Examples of capital expenditure include: spending on machinery and equipment, transport equipment, software, artistic originals, new dwellings and major improvements to dwellings, other buildings and major improvements to buildings, and structures such as roads. Additional assets consisting of research and development and military weapons systems were introduced into the definition of GFCF in the UK National Accounts, The Blue Book 2014.
Following a quality review after Blue Book 2016, it was identified that the methodology used to estimate elements of purchased software within GFCF had led to some double-counting from 1997 onwards. This issue has now been resolved and has reduced the level of GFCF across the period by around 1.1% per year. The average impact on quarter-on-quarter GFCF growth is negative 0.02% and the average impact on quarter-on-quarter gross domestic product (GDP) growth is 0.00%.
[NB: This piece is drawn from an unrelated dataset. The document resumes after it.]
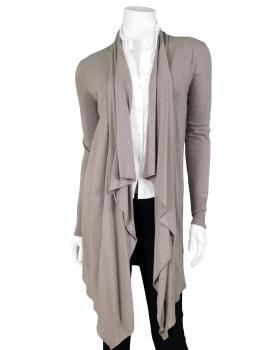 Strickjacke mit Cashmere in  hellbraun von Pronto Moda (Bild 1)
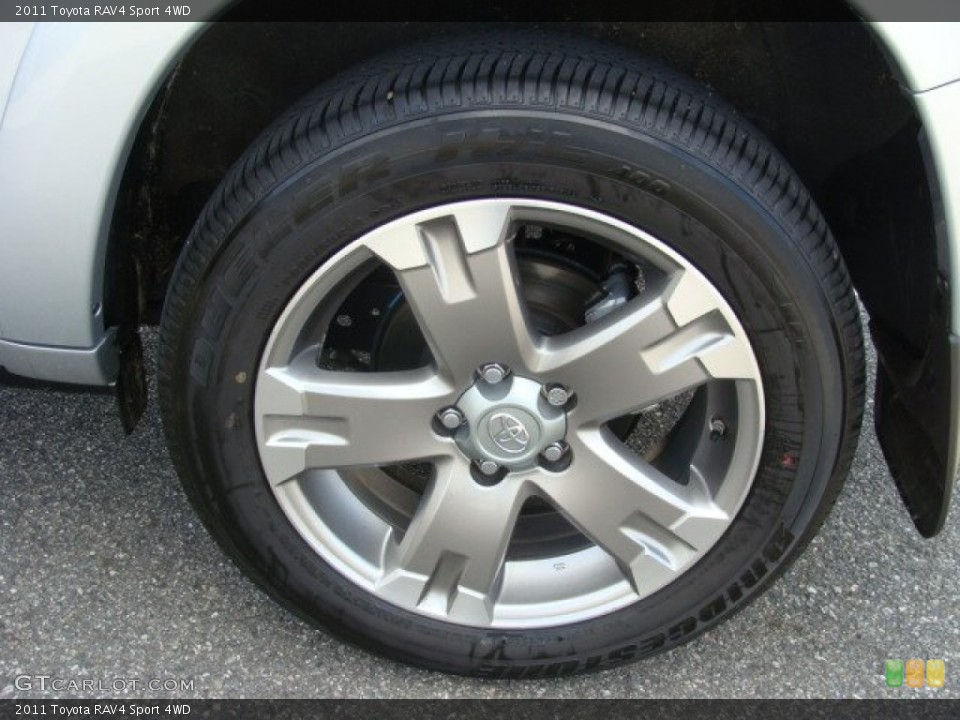 2011 Toyota RAV4 Sport 4WD Wheel and Tire Photo #61177978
In Blue Book 2017, we have also introduced a number of other methodology changes to the estimates of GFCF and business investment. These include:
- the final integration of the new GFCF estimation system, first used for the Quarter 4 (Oct to Dec) 2016 provisional publication
- changes to methodology affecting the transfer costs asset, including:
- the addition of transfer costs associated with the buying and selling of players in the sports industries, that is, club and agents’ fees and any taxes associated with the buying and selling of players from one sports club to another; it is important to distinguish this from the transfer fee itself (that is, the monies paid from one sports club (the buyer) to another sports club (the seller))
- the inclusion of Office for National Statistics’s (ONS’s) updated House Price Index methodology, used by GFCF in part for the calculation of current price transfer costs data
- a new method to estimate the breakdown of transfer costs by institutional sector, replacing the previous method, which was based on historical proportions
- the separation of households and non-profit institutions serving households within Blue Book, as elsewhere in the UK National Accounts; this is in line with recommendations in the European System of National Accounts: ESA 2010 (Eurostat, 2013), which requires their presentation as separate entities
- reclassification of private registered providers of social housing (PRPs) in England, following a review in October 2015, which concluded that PRPs are public, market producers and should be reclassified to the public non-financial corporations’ sector for the purpose of national accounts and our other economic statistics; this has impacted sectoral estimates of GFCF for public corporations and private non-financial corporations but not total GFCF
- additionally, new data has been introduced for investment in aircraft, which is included in transport equipment
Detailed explanations of these changes can be found in the Annual improvements to gross fixed capital formation source data for Blue Book 2017 article published on 16 February 2017.